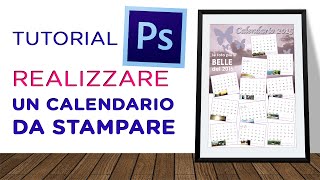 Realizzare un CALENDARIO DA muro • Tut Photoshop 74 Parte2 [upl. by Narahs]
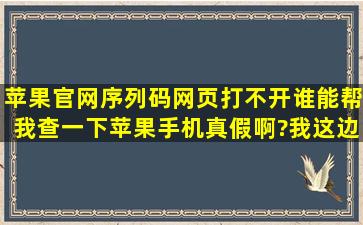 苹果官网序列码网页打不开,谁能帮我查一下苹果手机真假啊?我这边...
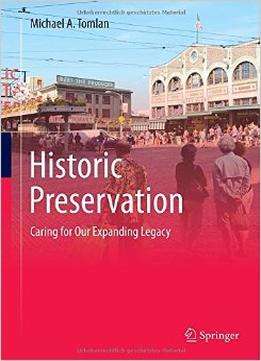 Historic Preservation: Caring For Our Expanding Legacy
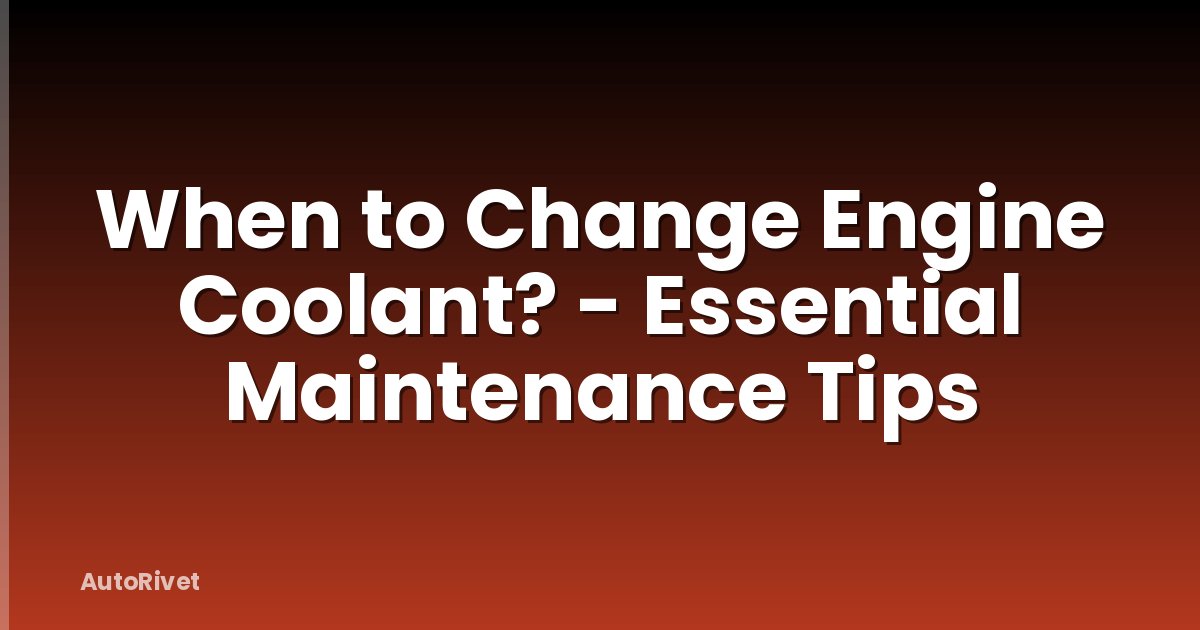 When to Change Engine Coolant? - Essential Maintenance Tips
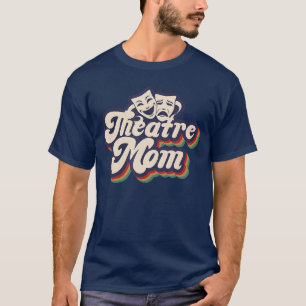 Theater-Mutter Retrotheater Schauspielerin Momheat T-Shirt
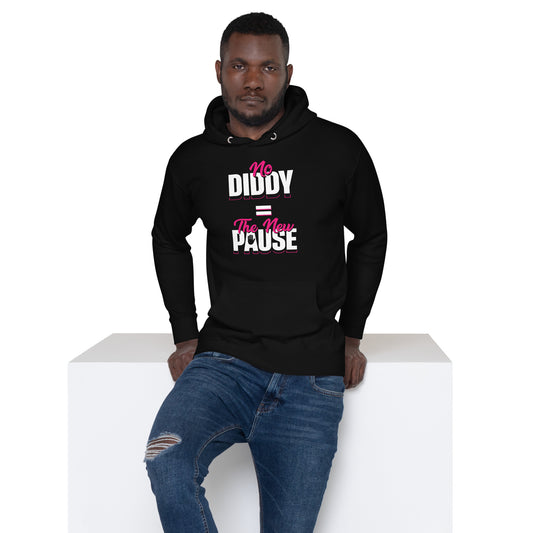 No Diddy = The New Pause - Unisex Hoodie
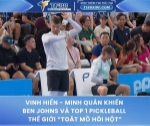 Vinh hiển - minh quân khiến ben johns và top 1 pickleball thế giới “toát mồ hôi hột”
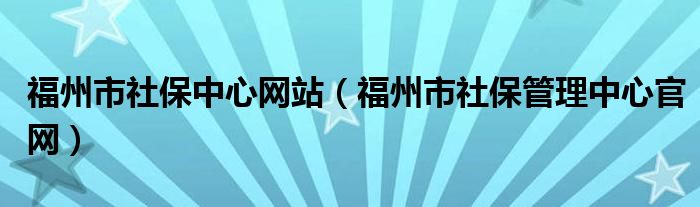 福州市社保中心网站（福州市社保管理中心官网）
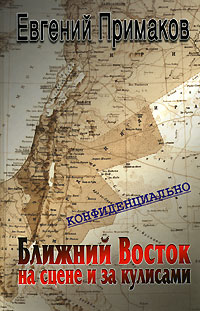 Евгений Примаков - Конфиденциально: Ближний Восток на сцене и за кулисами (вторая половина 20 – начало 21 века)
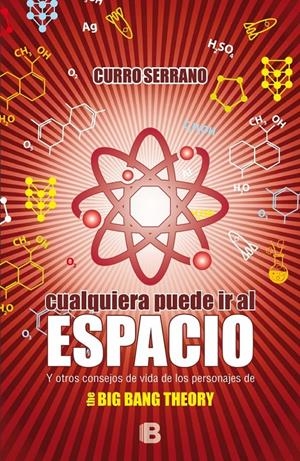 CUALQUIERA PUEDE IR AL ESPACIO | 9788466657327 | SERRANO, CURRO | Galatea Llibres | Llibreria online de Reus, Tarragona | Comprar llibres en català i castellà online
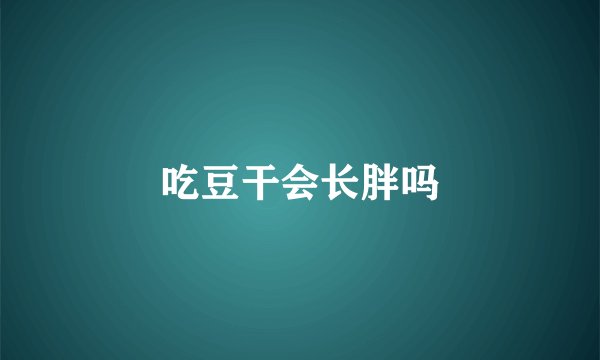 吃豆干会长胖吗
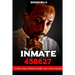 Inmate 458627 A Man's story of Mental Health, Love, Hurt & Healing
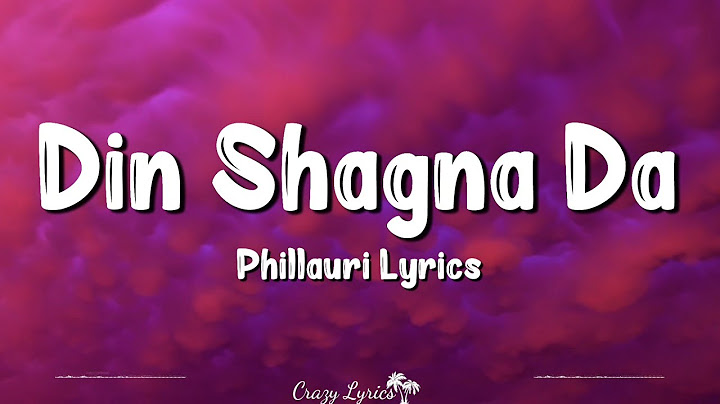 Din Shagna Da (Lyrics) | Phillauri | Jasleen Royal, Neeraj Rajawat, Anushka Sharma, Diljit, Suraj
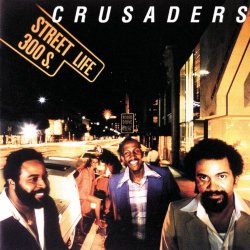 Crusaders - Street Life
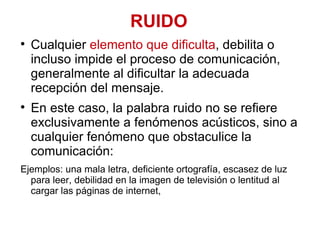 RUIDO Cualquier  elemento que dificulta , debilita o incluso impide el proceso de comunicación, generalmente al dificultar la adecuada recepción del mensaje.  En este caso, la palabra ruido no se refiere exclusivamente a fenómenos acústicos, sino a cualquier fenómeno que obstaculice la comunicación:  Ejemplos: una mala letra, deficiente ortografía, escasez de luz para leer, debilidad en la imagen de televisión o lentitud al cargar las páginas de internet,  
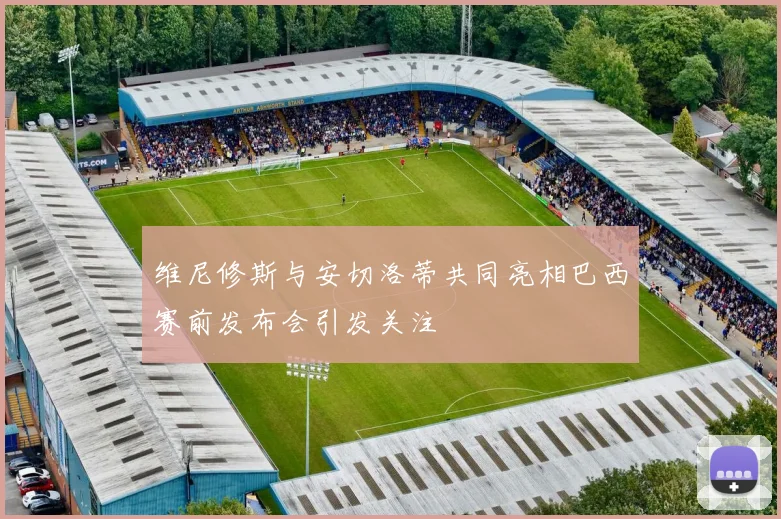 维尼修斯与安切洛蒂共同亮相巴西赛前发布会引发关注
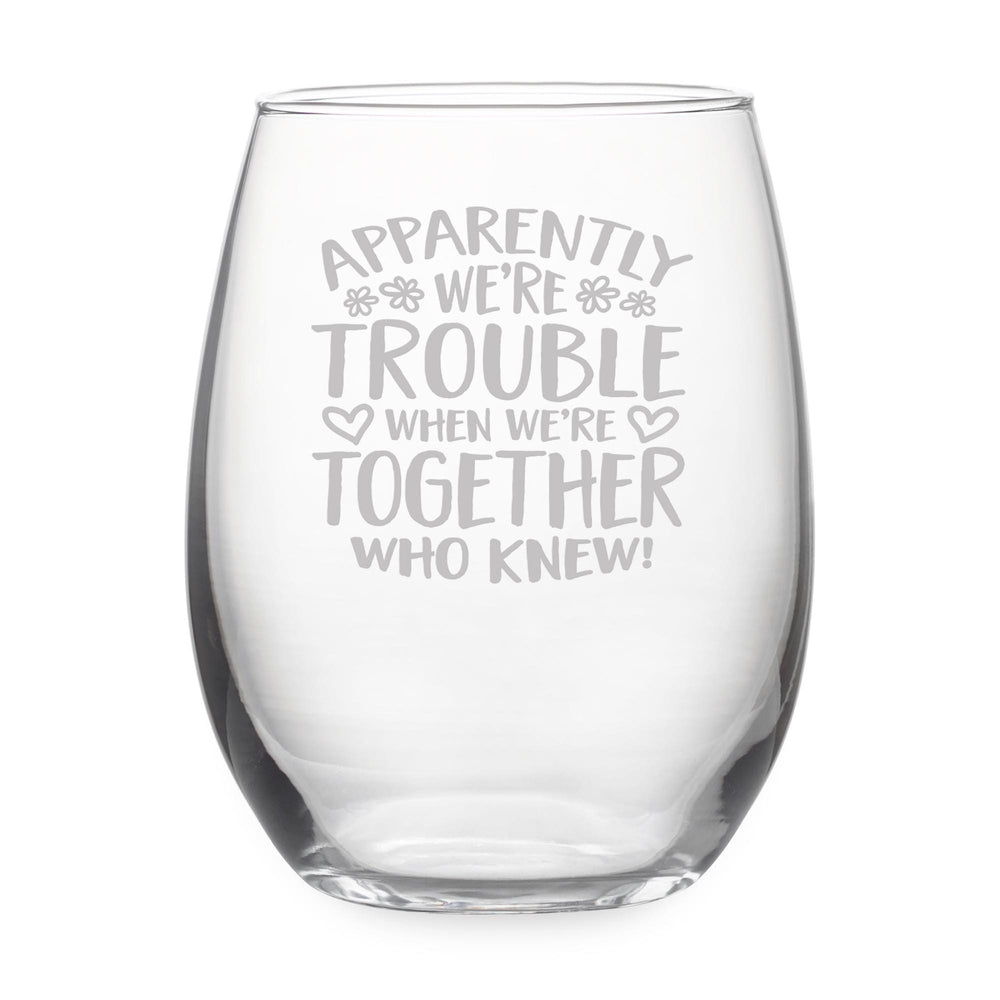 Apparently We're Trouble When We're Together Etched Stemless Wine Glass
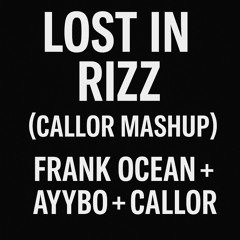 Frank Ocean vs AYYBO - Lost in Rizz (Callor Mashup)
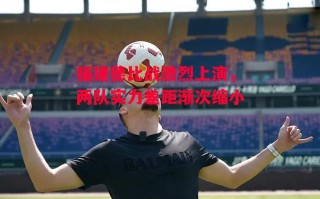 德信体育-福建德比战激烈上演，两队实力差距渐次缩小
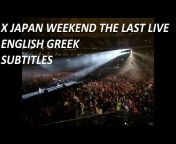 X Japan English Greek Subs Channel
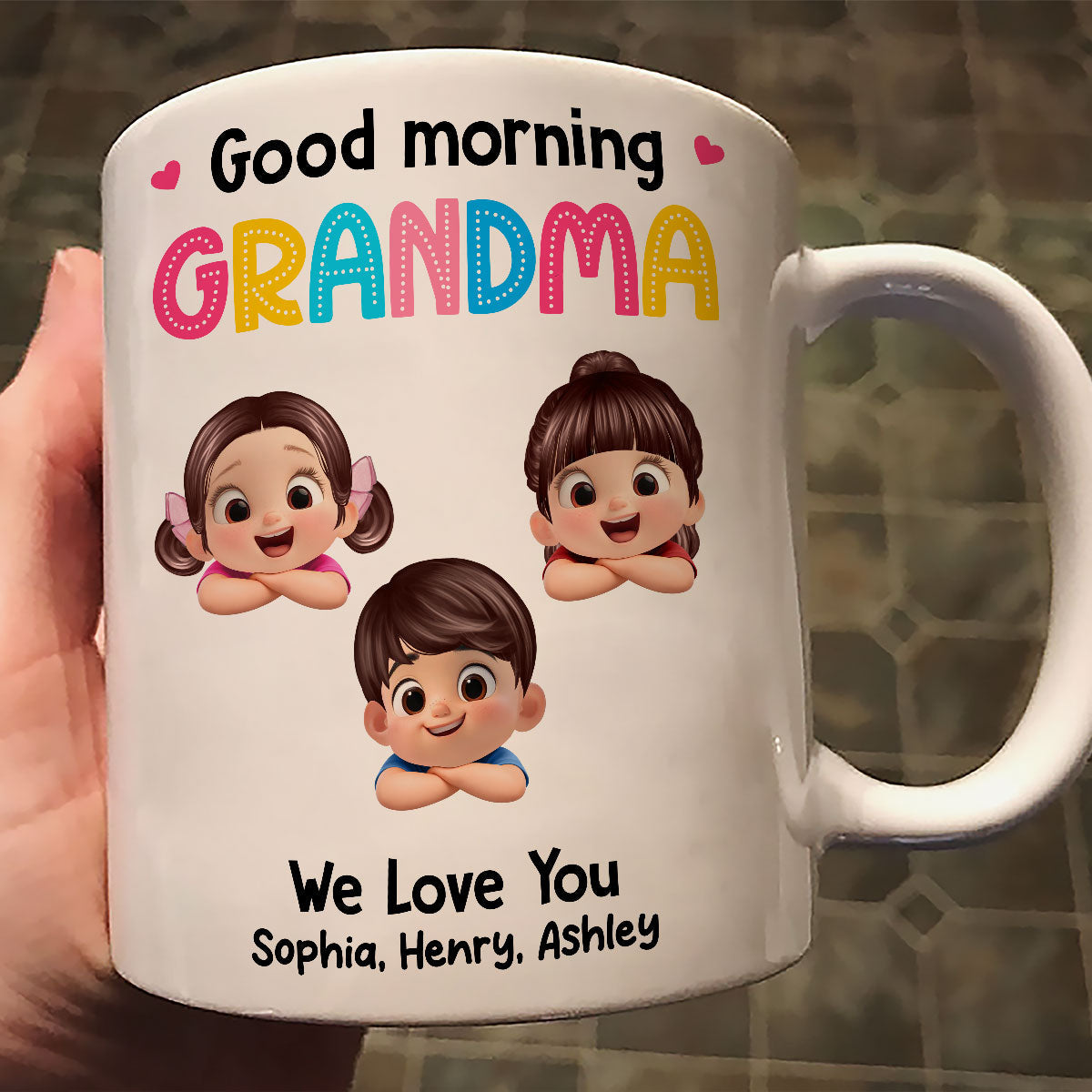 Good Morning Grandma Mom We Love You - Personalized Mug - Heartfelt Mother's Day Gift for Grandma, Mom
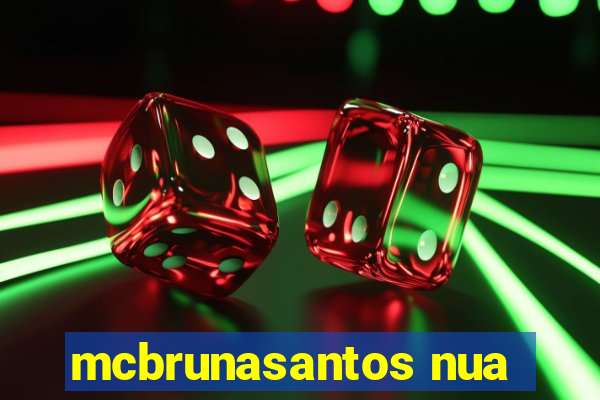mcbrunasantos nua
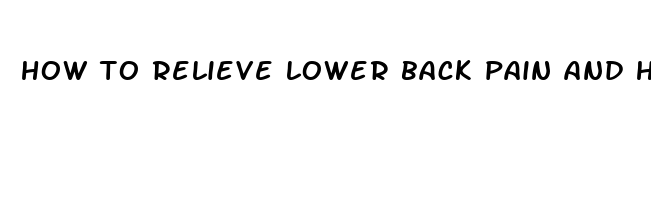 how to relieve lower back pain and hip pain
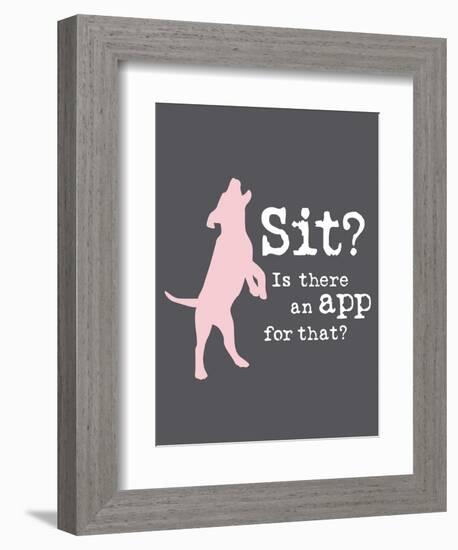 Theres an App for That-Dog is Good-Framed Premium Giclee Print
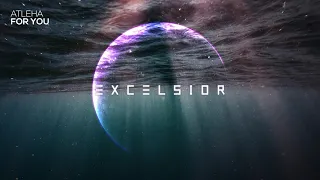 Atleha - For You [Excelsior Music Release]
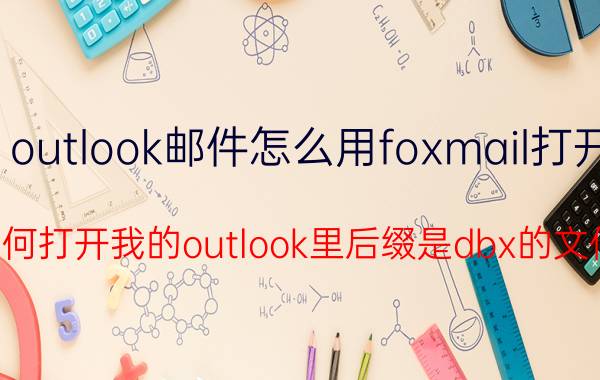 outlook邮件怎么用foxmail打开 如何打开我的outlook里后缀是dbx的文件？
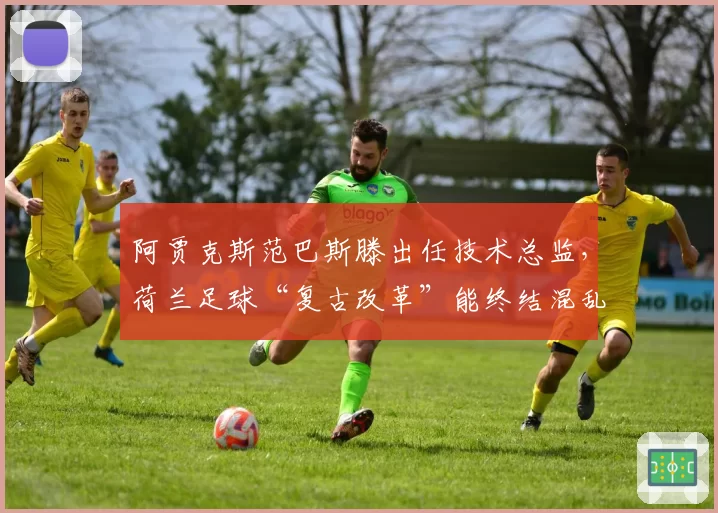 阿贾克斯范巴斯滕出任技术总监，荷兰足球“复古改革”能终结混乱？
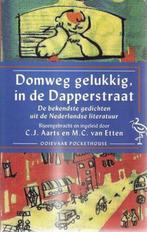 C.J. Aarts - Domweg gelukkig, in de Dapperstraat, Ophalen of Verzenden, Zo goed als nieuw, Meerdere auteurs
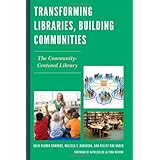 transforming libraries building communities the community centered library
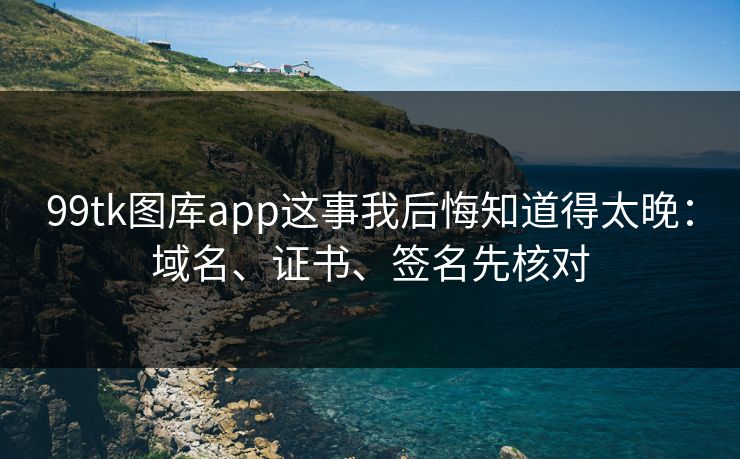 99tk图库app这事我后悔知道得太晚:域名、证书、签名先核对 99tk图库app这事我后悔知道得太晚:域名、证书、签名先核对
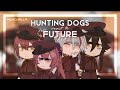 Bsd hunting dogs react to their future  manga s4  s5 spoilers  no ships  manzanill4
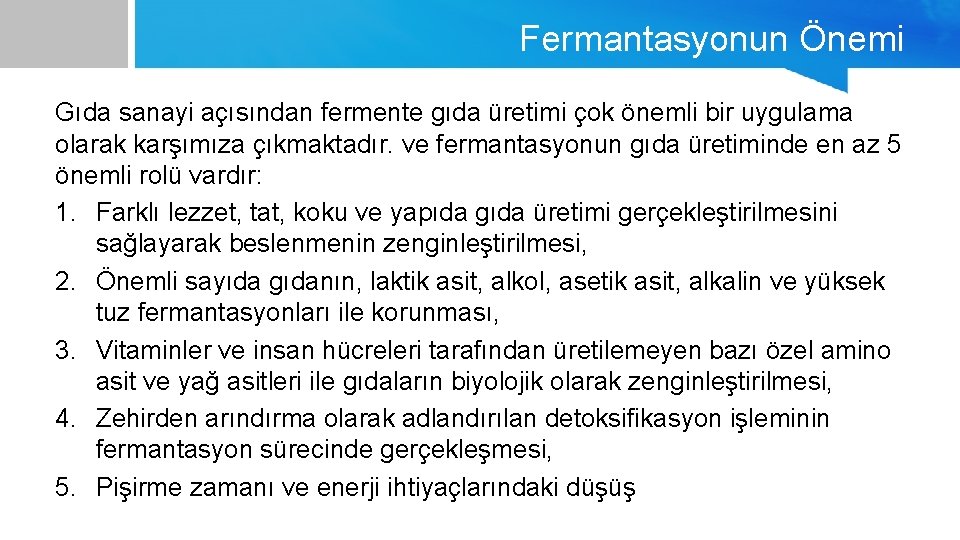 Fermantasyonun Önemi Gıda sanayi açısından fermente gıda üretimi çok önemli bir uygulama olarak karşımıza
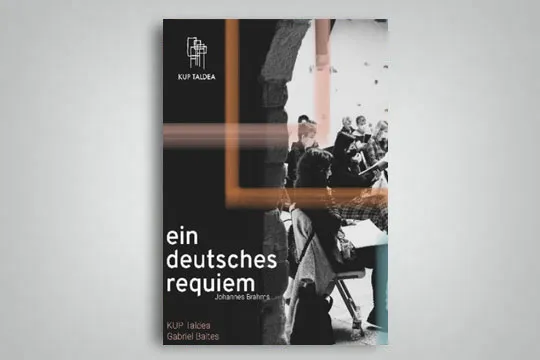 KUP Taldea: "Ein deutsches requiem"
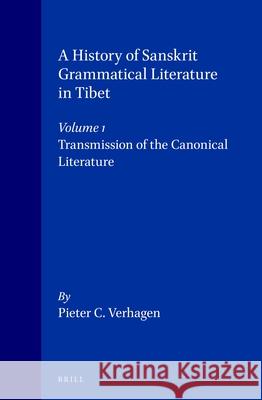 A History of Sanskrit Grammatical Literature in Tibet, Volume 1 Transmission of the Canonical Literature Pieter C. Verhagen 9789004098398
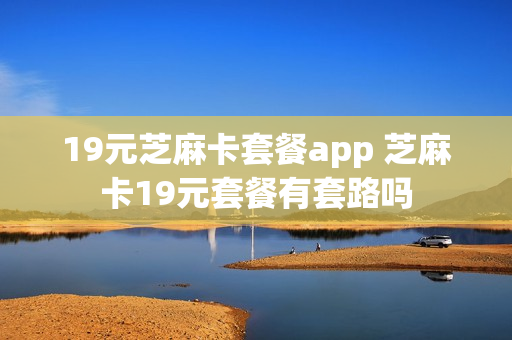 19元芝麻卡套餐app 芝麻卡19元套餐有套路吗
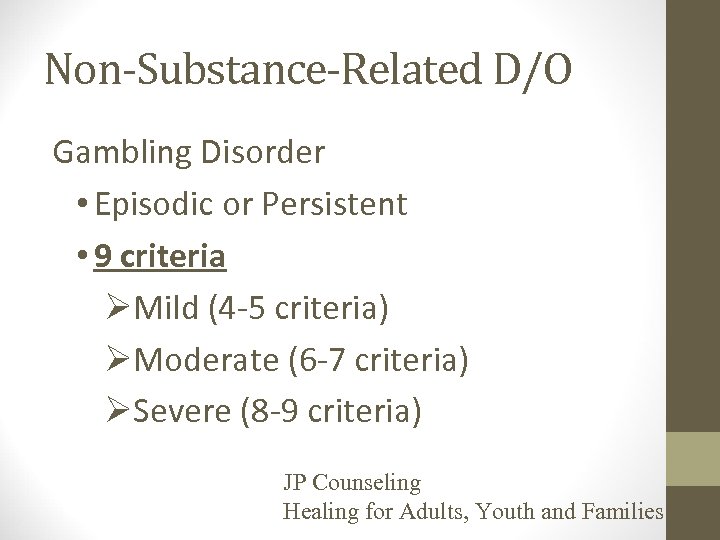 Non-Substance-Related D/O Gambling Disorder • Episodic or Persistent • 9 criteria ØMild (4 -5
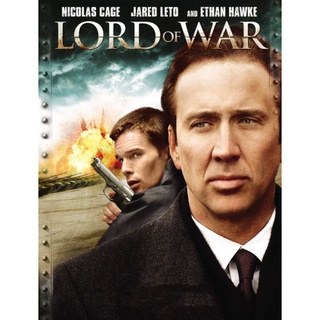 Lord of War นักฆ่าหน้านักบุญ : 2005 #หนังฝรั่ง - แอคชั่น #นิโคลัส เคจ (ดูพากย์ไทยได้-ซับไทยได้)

.....

Your goal:
Copy exactly the part of the material above that opens with the line containing "Crusaders - Street Life" and closes with the line containing "elemento que dificulta", ends included. Drop the images.

Solution to the problem:
 Crusaders - Street Life
 RUIDO Cualquier  elemento que dificulta , debilita o incluso impide el proceso de comunicación, generalmente al dificultar la adecuada recepción del mensaje.  En este caso, la palabra ruido no se refiere exclusivamente a fenómenos acústicos, sino a cualquier fenómeno que obstaculice la comunicación:  Ejemplos: una mala letra, deficiente ortografía, escasez de luz para leer, debilidad en la imagen de televisión o lentitud al cargar las páginas de internet,  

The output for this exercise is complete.